Questo vuol dire, in soldoni, che una piccola incertezza sulla massa del quark top ha un effetto significativo sulle previsioni delle quantità osservabili effettuate dalla macchina Modello Standard, mentre una incertezza del valore della massa del bosone di Higgs relativamente grande (addirittura anche un centinaio di GeV) ha comunque un impatto modesto, perché smussato dalla dipendenza logaritmica. Siccome nel 1995 nessuna delle due quantità appena menzionate era mai stata ancora misurata (il quark top era cercato attivamente al Tevatron, vicino Chicago, dagli esperimenti CDF e D0, mentre il Bosone di Higgs, sebbene cercato da anni, verrà osservato direttamente soltanto nel 2012 a LHC), si decise di posizionare la manopola della massa del bosone di Higgs a un valore "più o meno ragionevole", pari a 300 GeV (dal 2012 sappiamo che il valore corretto è 125 GeV), confidenti che la scelta non avrebbe inficiato più di tanto le previsioni della nostra macchina. In pratica, nei calcoli, metterci una massa dell'Higgs di 300 GeV o di 200 o di 400 non implicava un effetto così evidente rispetto a sbagliare anche di poco il valore impostato della massa del quark top.
A quel punto l'unico parametro realmente impattante, l'unica manopola la cui regolazione fine avrebbe avuto un effetto rilevante nelle previsioni degli osservabili, restava la massa del quark top. E quindi si è cercato quel valore della massa del quark top che ottimizzasse al meglio e simultaneamente tutte le previsioni teoriche di tutte le quantità osservabili, in modo da minimizzare le loro differenze rispetto alle corrispondenti quantità misurate dagli esperimenti LEP. Si è fatto quello che in gergo tecnico si chiama un "fit", una minimizzazione. Il risultato di questo fit era la posizione della manopola "valore della massa del quark top" che ottimizzava l'accordo fra previsioni della macchina (le previsioni teoriche) e risultati sperimentali.
Questo discorso si capisce bene dalla figura qua sopra, che mostra 11 grafici, in ognuno dei quali è riportato come varia la previsione teorica del corrispondente osservabile misurato, a seconda della massa del quark top usata come input nel Modello Standard, massa del top che all'epoca era sconosciuta. Nella stessa figura si vede anche la corrispondente misura sperimentale (con relativo errore in giallo) di ciascun parametro.
Prendiamo ad esempio la prima figura in alto a sinistra. Essa riporta, con la barra gialla, il valore misurato di Gamma_Z, la larghezza della particella Z, ovvero uno dei parametri misurati sperimentalmente al LEP, con relativa incertezza sperimentale. La linea nera centrale è il valore misurato, l'ampiezza della barra gialla rappresenta l'incertezza sperimentale, a sinistra e a destra del valore misurato. Gamma_Z è misurato in modo abbastanza preciso, ma altri parametri, come si vede dagli altri grafici, hanno misure meno precise, e quindi la banda gialla in quei casi è più larga. Nel nostro caso Gamma_Z è circa 2.5 GeV, con una piccola incertezza.

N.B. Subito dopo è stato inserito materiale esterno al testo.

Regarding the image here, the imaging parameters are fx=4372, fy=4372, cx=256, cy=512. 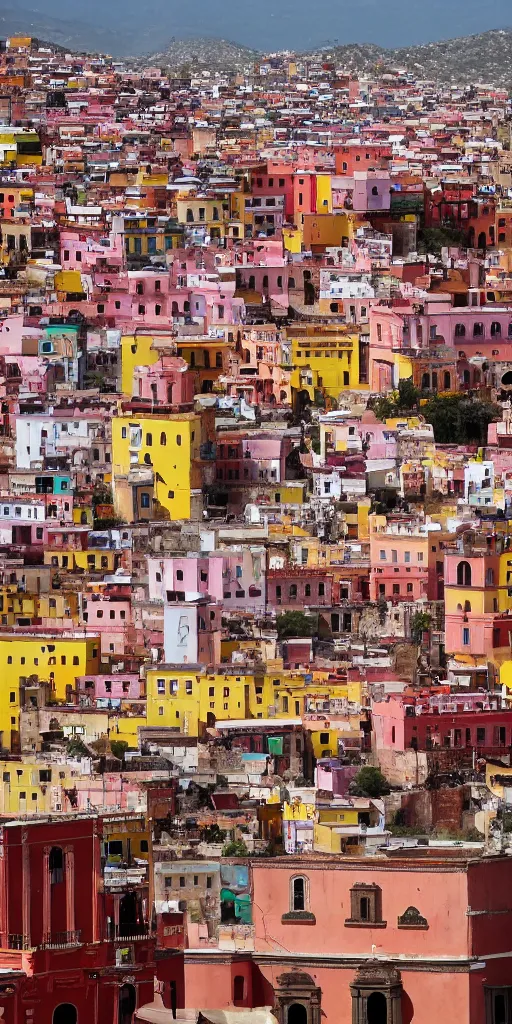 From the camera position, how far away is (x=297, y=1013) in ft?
96.5

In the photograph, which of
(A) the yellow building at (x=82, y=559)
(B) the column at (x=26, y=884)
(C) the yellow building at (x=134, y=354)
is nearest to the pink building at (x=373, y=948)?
(B) the column at (x=26, y=884)

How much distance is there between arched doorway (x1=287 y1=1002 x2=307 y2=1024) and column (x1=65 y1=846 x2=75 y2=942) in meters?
1.56

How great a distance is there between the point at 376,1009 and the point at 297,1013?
53 centimetres

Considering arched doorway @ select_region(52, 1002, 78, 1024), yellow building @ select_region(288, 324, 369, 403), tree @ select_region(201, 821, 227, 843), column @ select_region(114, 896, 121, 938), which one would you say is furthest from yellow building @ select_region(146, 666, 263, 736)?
arched doorway @ select_region(52, 1002, 78, 1024)

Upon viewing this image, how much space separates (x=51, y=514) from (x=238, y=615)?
205 inches

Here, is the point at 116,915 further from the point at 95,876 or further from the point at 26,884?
the point at 26,884

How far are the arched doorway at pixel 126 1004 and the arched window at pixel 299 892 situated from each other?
1.58 metres

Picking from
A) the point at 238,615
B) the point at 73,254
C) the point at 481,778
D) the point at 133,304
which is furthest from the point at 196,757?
the point at 73,254

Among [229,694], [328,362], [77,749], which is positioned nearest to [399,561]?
[229,694]

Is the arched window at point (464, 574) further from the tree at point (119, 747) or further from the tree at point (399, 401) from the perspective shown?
the tree at point (399, 401)

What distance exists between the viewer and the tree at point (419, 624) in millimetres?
55044

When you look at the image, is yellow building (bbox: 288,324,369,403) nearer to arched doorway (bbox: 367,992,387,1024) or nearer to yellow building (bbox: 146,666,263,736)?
yellow building (bbox: 146,666,263,736)

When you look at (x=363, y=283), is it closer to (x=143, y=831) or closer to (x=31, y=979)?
(x=143, y=831)

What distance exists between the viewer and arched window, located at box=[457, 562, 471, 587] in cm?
5541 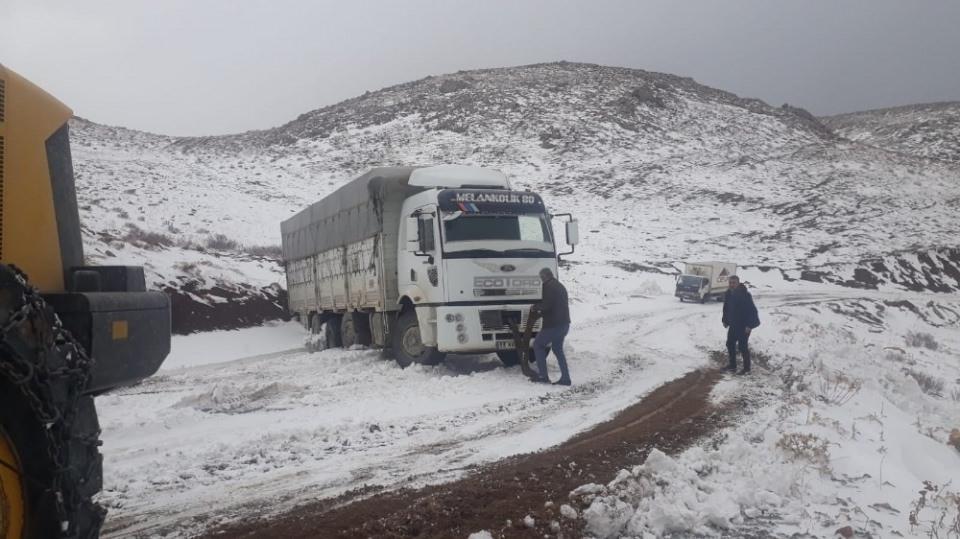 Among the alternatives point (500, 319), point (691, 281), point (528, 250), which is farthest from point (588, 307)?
point (500, 319)

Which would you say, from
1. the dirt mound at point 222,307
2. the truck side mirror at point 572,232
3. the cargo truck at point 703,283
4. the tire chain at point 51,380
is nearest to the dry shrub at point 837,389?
the truck side mirror at point 572,232

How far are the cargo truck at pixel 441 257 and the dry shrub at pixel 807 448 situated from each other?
5.64m

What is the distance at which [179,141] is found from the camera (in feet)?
200

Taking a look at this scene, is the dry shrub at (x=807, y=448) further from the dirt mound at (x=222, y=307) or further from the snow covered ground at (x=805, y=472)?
the dirt mound at (x=222, y=307)

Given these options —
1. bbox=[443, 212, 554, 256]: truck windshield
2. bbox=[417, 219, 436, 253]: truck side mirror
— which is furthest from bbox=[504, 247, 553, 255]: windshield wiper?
bbox=[417, 219, 436, 253]: truck side mirror

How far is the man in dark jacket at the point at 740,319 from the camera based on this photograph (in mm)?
12211

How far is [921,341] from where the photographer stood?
21.1 metres

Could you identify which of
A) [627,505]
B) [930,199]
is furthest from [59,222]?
[930,199]

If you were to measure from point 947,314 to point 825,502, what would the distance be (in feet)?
88.8

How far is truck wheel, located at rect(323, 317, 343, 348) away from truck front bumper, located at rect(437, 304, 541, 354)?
6203mm

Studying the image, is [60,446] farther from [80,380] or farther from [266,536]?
[266,536]

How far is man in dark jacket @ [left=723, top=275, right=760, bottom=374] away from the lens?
12.2 meters

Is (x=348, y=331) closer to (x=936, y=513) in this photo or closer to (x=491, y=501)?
(x=491, y=501)

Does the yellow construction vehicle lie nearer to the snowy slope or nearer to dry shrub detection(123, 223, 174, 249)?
the snowy slope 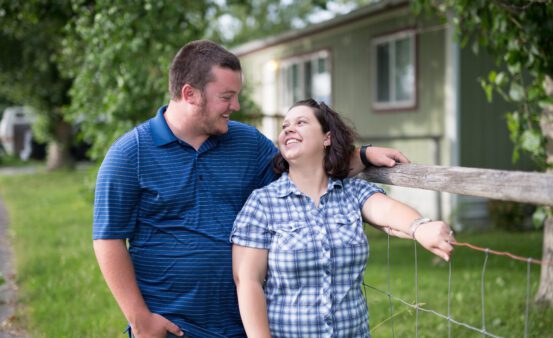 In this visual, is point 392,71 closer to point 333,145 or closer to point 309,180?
point 333,145

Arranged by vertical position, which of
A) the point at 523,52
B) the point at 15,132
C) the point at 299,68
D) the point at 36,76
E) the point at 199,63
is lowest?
the point at 199,63

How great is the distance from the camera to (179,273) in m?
2.54

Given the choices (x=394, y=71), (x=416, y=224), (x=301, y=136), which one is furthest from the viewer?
(x=394, y=71)

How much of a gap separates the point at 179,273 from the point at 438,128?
9.02 meters

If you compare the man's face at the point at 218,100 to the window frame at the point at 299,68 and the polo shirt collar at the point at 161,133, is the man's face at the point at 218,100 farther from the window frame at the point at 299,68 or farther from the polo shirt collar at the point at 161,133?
the window frame at the point at 299,68

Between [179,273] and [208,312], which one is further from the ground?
[179,273]

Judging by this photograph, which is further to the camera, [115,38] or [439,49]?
[439,49]

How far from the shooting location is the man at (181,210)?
97.1 inches

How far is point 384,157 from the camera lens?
8.95 feet

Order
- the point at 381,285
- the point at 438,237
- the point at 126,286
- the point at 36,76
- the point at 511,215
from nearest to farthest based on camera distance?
the point at 438,237 → the point at 126,286 → the point at 381,285 → the point at 511,215 → the point at 36,76

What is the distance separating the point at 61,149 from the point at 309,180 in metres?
21.6

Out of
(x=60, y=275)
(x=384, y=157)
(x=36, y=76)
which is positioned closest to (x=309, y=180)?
(x=384, y=157)

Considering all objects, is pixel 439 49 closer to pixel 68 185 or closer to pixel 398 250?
pixel 398 250

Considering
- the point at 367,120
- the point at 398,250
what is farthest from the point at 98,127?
the point at 367,120
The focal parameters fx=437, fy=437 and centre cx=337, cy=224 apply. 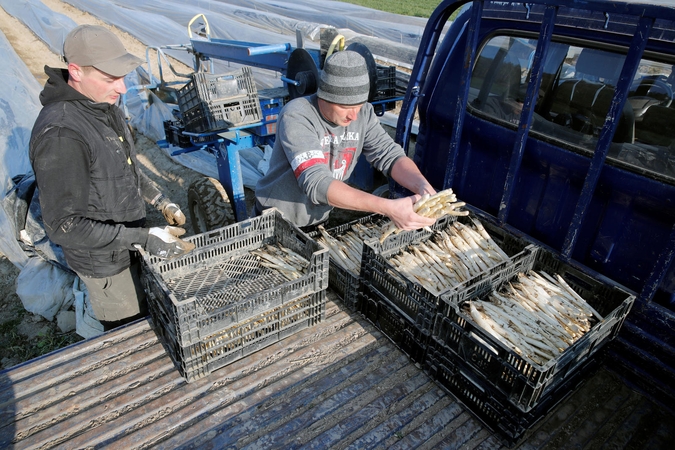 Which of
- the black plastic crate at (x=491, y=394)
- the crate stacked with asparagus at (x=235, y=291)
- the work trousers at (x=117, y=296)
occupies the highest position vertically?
the crate stacked with asparagus at (x=235, y=291)

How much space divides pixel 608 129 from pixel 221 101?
171 inches

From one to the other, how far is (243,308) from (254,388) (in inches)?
19.3

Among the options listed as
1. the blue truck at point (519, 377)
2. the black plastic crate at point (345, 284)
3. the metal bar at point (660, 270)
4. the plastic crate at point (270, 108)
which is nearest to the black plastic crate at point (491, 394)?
the blue truck at point (519, 377)

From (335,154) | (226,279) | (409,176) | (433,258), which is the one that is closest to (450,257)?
(433,258)

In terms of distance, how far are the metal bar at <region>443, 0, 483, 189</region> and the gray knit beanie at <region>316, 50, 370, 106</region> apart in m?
0.96

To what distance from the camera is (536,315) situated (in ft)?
9.62

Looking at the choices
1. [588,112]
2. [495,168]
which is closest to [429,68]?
[495,168]

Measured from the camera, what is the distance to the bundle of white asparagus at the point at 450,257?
331 cm

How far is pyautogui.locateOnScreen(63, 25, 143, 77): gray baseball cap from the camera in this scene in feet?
9.00

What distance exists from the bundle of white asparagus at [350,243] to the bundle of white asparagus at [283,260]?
30 centimetres

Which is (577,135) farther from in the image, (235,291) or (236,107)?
(236,107)

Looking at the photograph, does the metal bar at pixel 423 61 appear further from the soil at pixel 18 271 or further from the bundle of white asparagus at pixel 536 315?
the soil at pixel 18 271

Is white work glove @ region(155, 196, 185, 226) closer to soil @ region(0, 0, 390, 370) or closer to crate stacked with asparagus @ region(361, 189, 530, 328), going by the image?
crate stacked with asparagus @ region(361, 189, 530, 328)

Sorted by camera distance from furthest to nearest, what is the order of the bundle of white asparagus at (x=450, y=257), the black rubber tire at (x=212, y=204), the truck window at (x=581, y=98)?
the black rubber tire at (x=212, y=204), the bundle of white asparagus at (x=450, y=257), the truck window at (x=581, y=98) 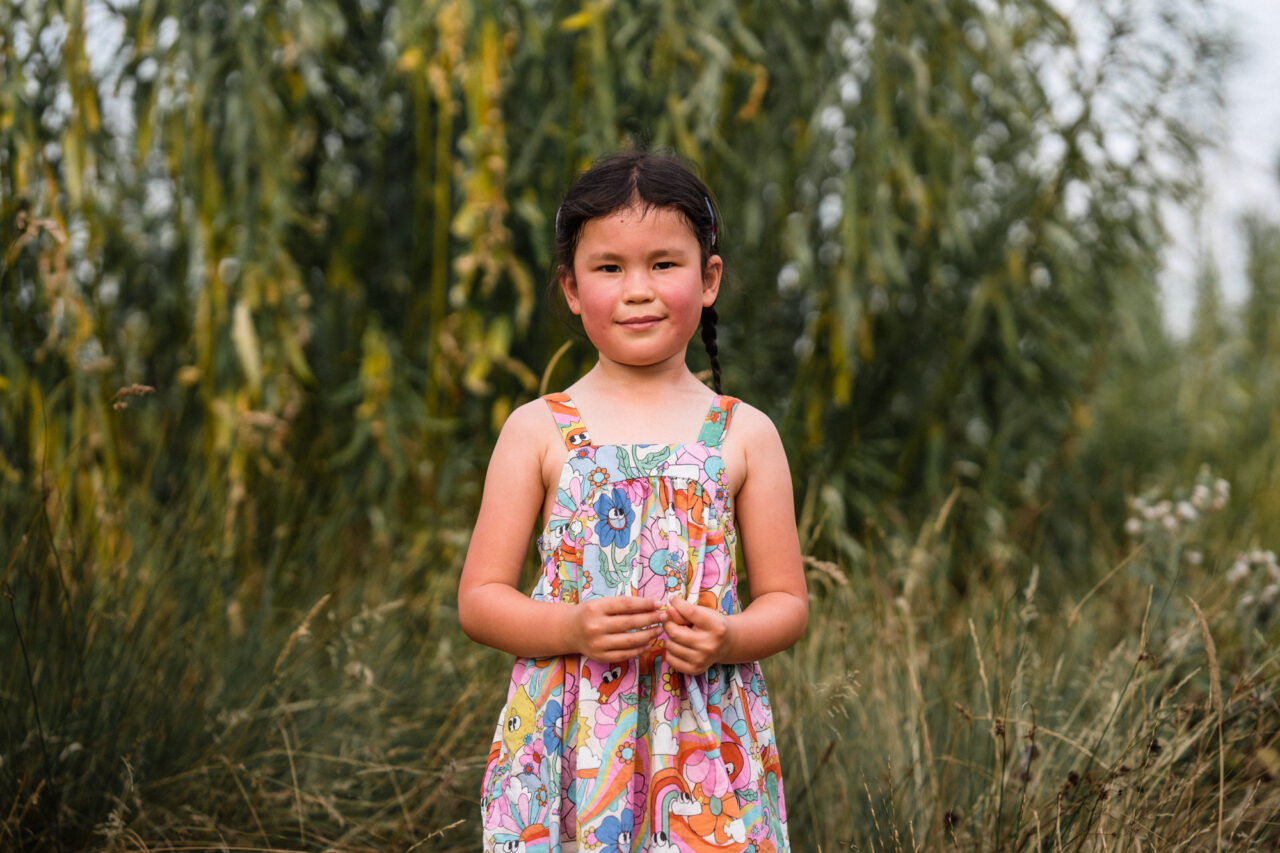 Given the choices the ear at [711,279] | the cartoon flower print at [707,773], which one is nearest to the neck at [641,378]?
the ear at [711,279]

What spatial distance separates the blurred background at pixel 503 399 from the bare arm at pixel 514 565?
2.17 ft

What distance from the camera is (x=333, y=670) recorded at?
252 centimetres

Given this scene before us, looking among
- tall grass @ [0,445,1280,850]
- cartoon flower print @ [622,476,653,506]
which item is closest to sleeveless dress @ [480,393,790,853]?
cartoon flower print @ [622,476,653,506]

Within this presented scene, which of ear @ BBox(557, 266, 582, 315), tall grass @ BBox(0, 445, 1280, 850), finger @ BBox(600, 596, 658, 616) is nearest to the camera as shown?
finger @ BBox(600, 596, 658, 616)

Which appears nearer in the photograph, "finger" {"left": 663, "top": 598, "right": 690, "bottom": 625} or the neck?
"finger" {"left": 663, "top": 598, "right": 690, "bottom": 625}

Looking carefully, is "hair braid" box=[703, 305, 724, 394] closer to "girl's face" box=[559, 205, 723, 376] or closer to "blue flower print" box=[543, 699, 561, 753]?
"girl's face" box=[559, 205, 723, 376]

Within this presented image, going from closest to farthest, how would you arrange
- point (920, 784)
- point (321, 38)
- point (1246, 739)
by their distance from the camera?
1. point (920, 784)
2. point (1246, 739)
3. point (321, 38)

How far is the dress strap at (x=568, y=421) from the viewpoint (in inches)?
Answer: 56.3

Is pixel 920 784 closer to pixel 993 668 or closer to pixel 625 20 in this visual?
pixel 993 668

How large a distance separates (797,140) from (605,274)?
2003 mm

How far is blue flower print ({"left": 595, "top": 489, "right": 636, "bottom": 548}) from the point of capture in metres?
1.40

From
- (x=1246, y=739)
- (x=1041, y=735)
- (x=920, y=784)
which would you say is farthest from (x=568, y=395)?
(x=1246, y=739)

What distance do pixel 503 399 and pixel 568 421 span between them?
184 cm

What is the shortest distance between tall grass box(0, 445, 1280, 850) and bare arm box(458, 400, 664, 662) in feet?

A questo punto vediamo cosa ci prevede la teoria (la nostra macchina con le manopole) per Gamma_Z. La previsione dipende fortemente da come posizioniamo la tacca della manopola relativa al valore della massa del quark top. La banda grigia riproduce infatti la previsione teorica di Gamma_Z al variare del valore di M_top, riportato nella scala in ordinata. Il fatto che la banda sia larga, e non una semplice linea, è dovuto al fatto che ci sono piccole incertezze aggiuntive legate alla posizione di tutte le altre manopole, che in questo caso contano poco, ma un po' contano, e in pratica sbrodolano la banda grigia, che idealmente dovrebbe essere una semplice linea. La zona in cui la banda grigia (cioè la previsione di Gamma_Z da parte dell Modello Standard) incontra la banda gialla (cioè la misura sperimentale) ci fornisce l'intervallo di valori più probabili per la massa del quark top. Il valore della massa del quark top che riproduce al meglio il valore di Gamma_Z misurato è tra 150 e 200 GeV, come si vede dalla figura.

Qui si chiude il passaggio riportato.